Unrestricted income and expenditure reserves fell slightly from £24.1 billion at 31 July 2015 to £23.9 billion at 31 July 2016, once pension liabilities recorded on the balance sheet have been deducted. Pension schemes that are not recognised on the balance sheet are not included, such as the Teachers’ Pension Scheme (TPS), and yet these pension costs are still born by the employers.
This means that, at a sector level, unrestricted reserves are equivalent to 82.2 per cent of total income. Unrestricted reserves represent the value of the institution’s accumulated funds through surpluses reported in its income statement, on whose use there are no restrictions. They can be used as a proxy for the overall value of an institution. Institutions may also hold restricted reserves, such as endowments and donations, which can only be used for specific purposes.
The aggregate sector position masks a significant spread of financial strength and a concentration of large unrestricted reserves in a small number of institutions, with 10 institutions reporting half of the sector’s unrestricted reserve balance at 31 July 2016.
Unrestricted reserves as a percentage of total income also varied considerably at an institutional level. As at 31 July 2016, unrestricted reserves ranged between -38 and 411 per cent of total income.

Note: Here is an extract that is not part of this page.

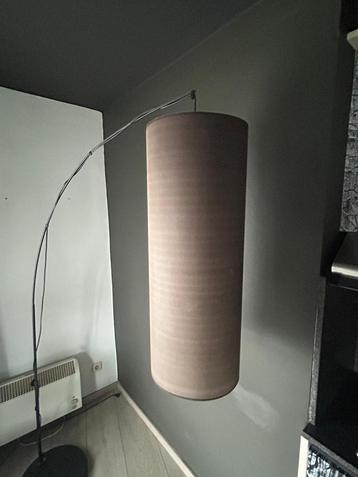 Booglamp beschikbaar voor biedingen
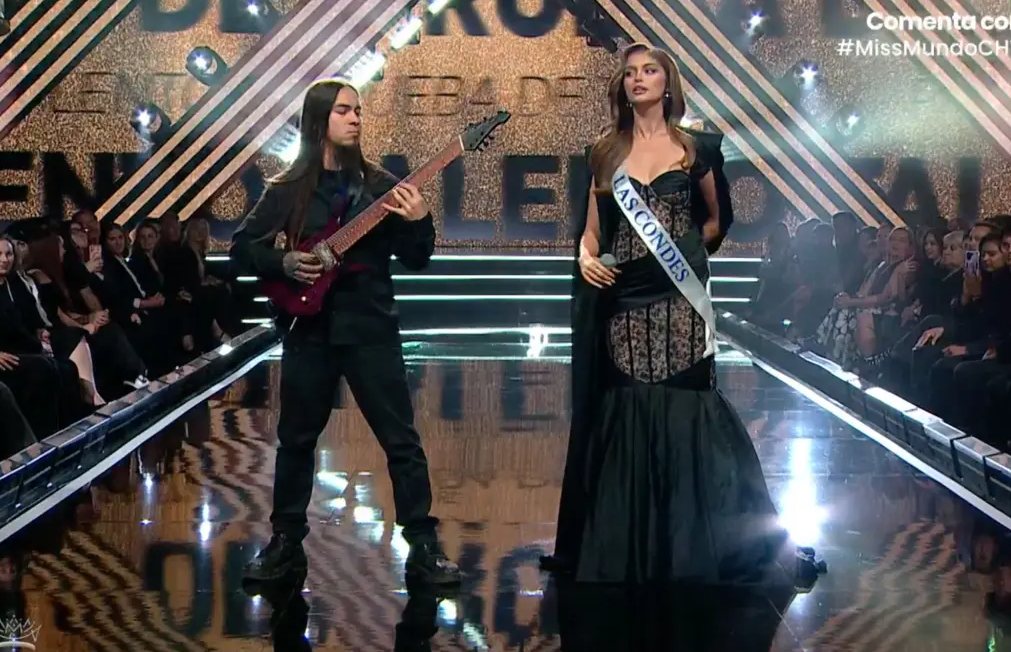 Переможниця ”Міс Світу Чилі” шокувала дез-метал виступом на конкурсі краси (ВІДЕО) - фото 2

Pension liabilities increased by £2.4 billion in 2015-16, to reach £9.5 billion at 31 July 2016, which was equivalent to a rise of 33 per cent.
These liabilities look set to rise further following outcomes of triennial reviews of two of the sector’s major pension schemes, the Universities Superannuation Scheme and Local Government Pension Schemes.
Increasing deficits are likely to require additional funding in the form of higher contributions, adding to the financial pressures on many institutions that participate in these schemes.